A full-featured AI-powered transcription platform built in partnership with Pima Web Design. TranscriptAI converts audio and video files into accurate, speaker-labeled transcripts using OpenAI Whisper and advanced speaker diarization technology.

Technologies Used

PythonOpenAI Whisperpyannote.audioFFmpeglibrosanoisereducePyTorchReactTypeScriptElectronVite

Application Screenshots

Drag & drop upload with enterprise security

AI model selection & speaker detection

Audio waveform with speaker-labeled transcript

Usage stats & account management

Project Goals

Build an enterprise-grade transcription solution that goes beyond basic speech-to-text. The platform needed to handle diverse audio formats, automatically identify different speakers, support GPU acceleration for fast processing, and export professional documents with timestamps and speaker attribution.

My Solution

I engineered a sophisticated audio processing pipeline: FFmpeg handles format conversion to optimized 16kHz mono WAV, noisereduce applies spectral gating for audio enhancement, pyannote.audio performs speaker diarization to identify who said what, and OpenAI Whisper (with model options from tiny to large) delivers high-accuracy transcription.

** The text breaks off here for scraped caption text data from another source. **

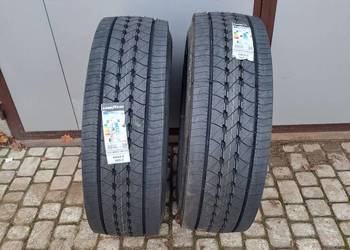 NOWE OPONY Good Year 315/70 R22.5 KMAX S GEN 2 156/150L serw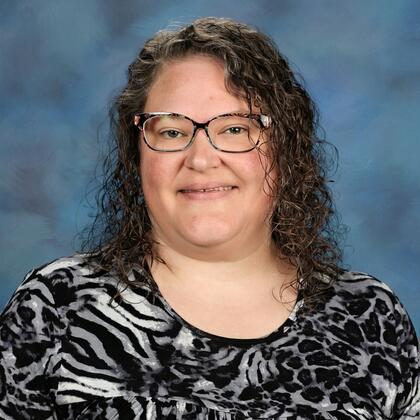 Photo of Rebecca Forseth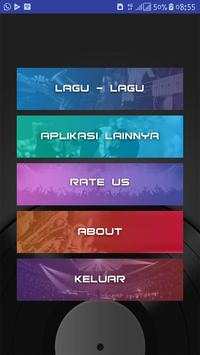 Lagu Barat Romantis Vol.1 screenshot 3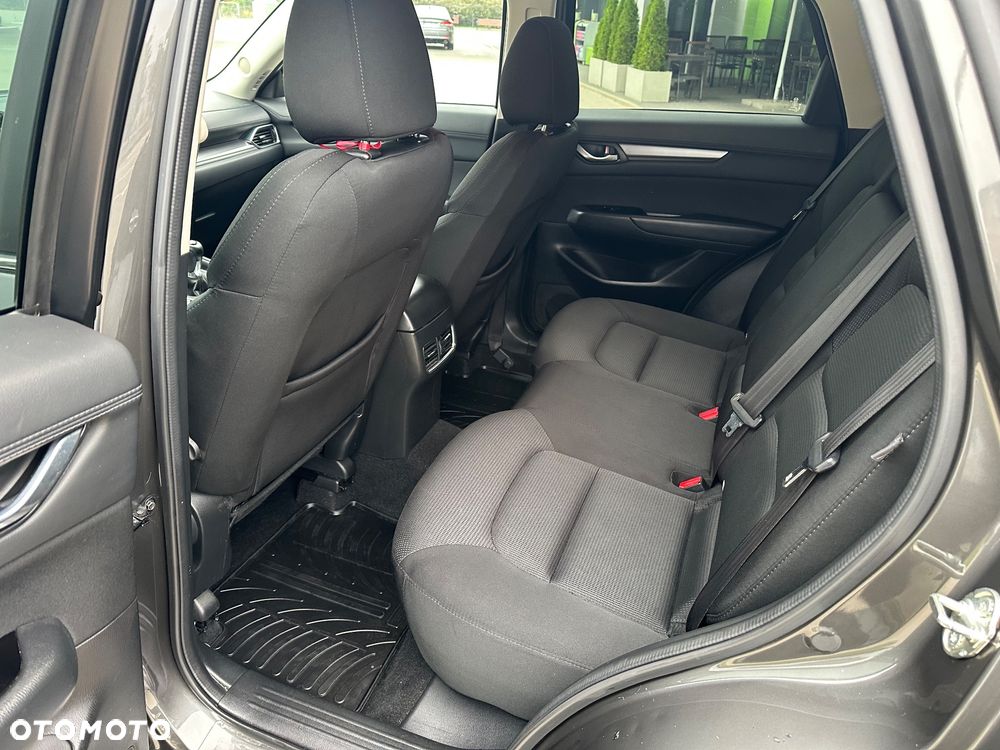 Mazda CX-5 - 23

The system chunks long audio files for memory-efficient processing and produces color-coded DOCX documents with timestamps, speaker labels, and a processing log.

Key Features

OpenAI Whisper transcription (tiny to large models)
Automatic speaker diarization (up to 10 speakers)
GPU acceleration with CUDA support
Audio enhancement & noise reduction
Support for 15+ audio/video formats
Auto-detect language or manual selection
Interactive transcript viewer with audio sync
AI-powered summary generation
Keyword extraction
Color-coded speaker labels in exports
DOCX export with timestamps
Batch upload for multiple files
Secure & encrypted file handling
Usage tracking & analytics dashboard

Results & Impact

TranscriptAI achieves 98.7% average accuracy on clear audio with automatic speaker detection supporting up to 10 distinct speakers. The platform processes meetings, interviews, podcasts, and even challenging recordings like police calls with radio static. GPU acceleration (CUDA) enables real-time transcription, and the intuitive dashboard makes the powerful technology accessible to non-technical users.